◆ Caption-style text data:
§

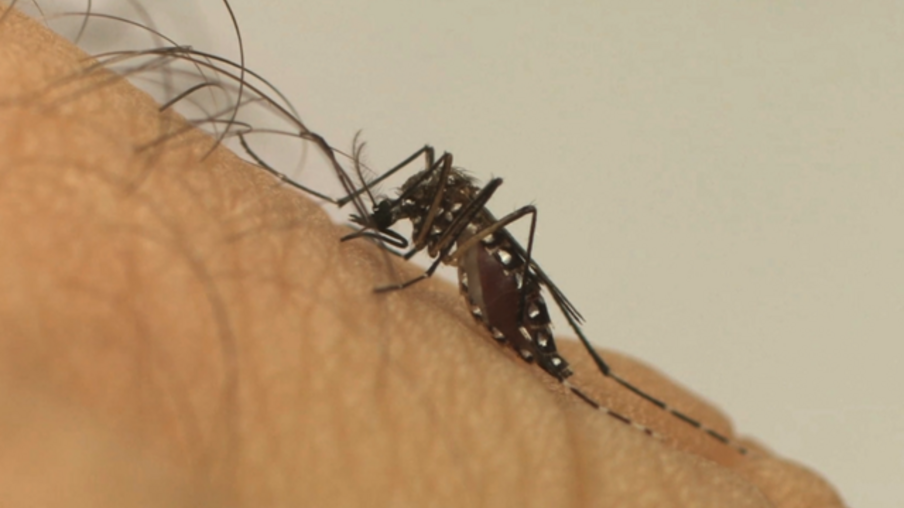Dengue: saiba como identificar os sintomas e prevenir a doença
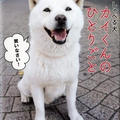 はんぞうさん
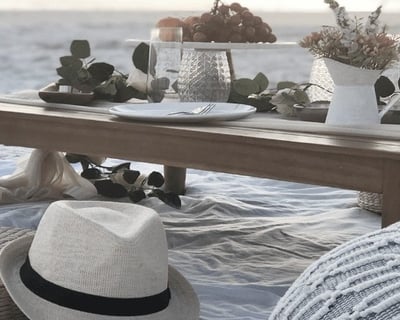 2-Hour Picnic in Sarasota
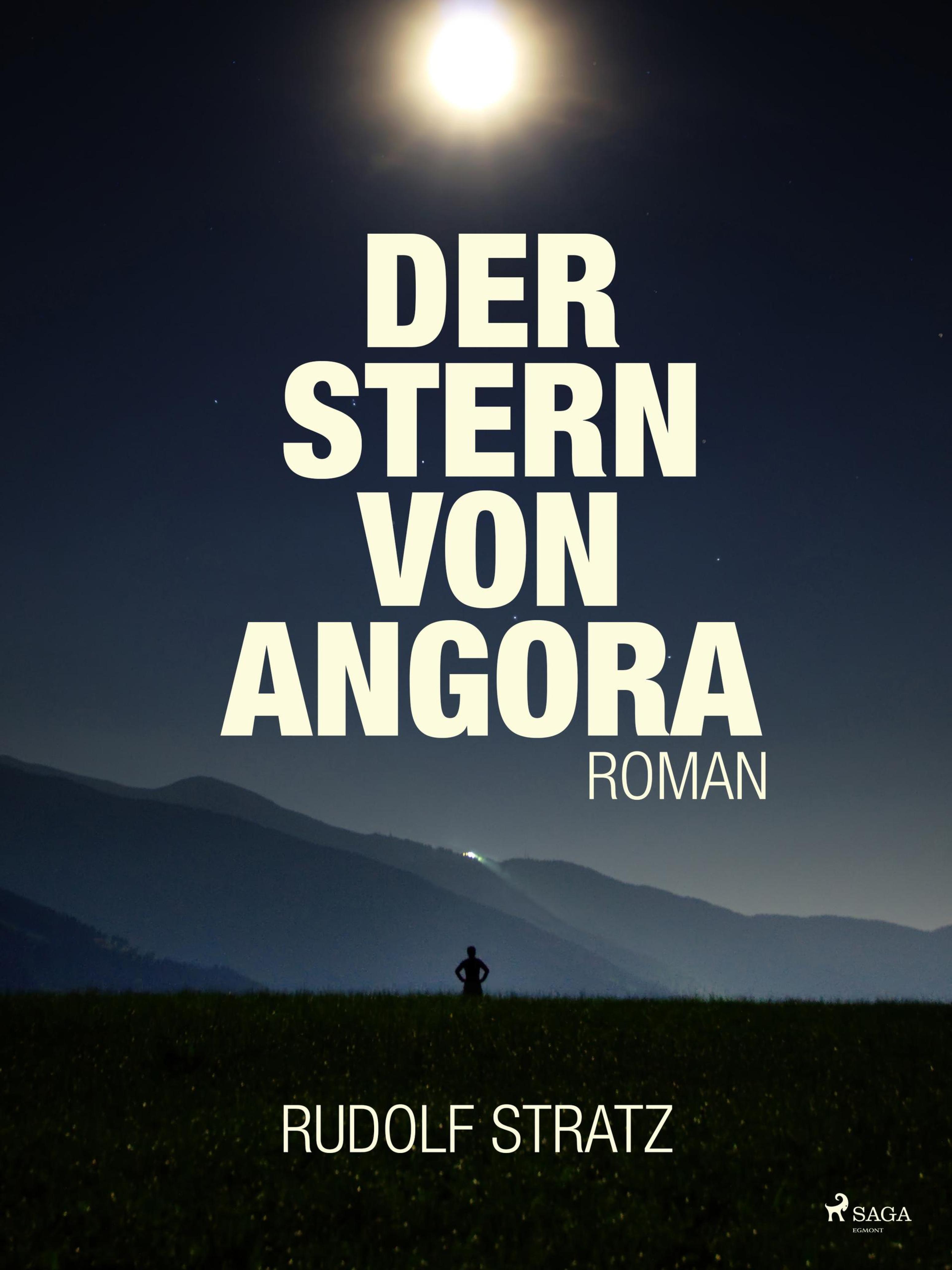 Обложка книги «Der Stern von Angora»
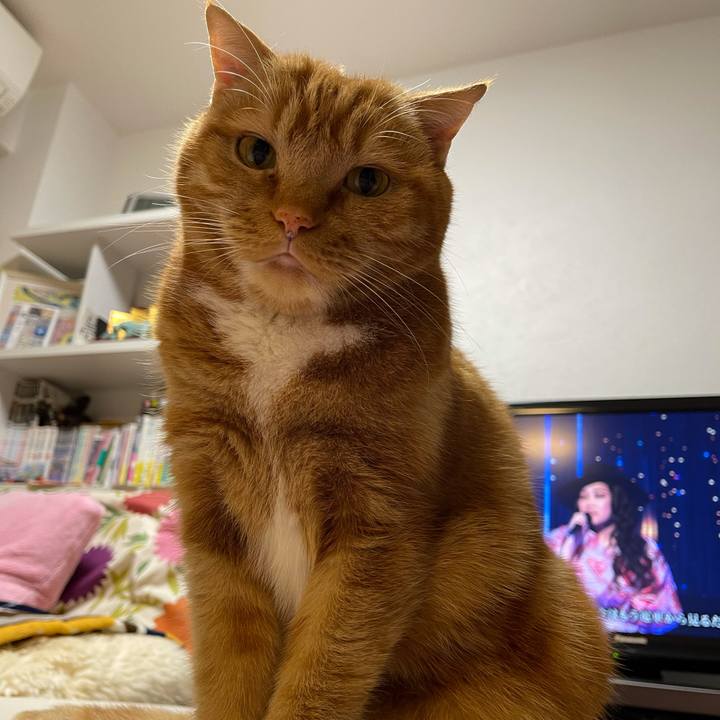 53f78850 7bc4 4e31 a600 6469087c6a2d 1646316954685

§

◆ What you should do: With no pictures included, write out the entries exactly.

◆ Expected answer:
Dengue: saiba como identificar os sintomas e prevenir a doença
 はんぞうさん
 2-Hour Picnic in Sarasota
 Обложка книги «Der Stern von Angora»
 53f78850 7bc4 4e31 a600 6469087c6a2d 1646316954685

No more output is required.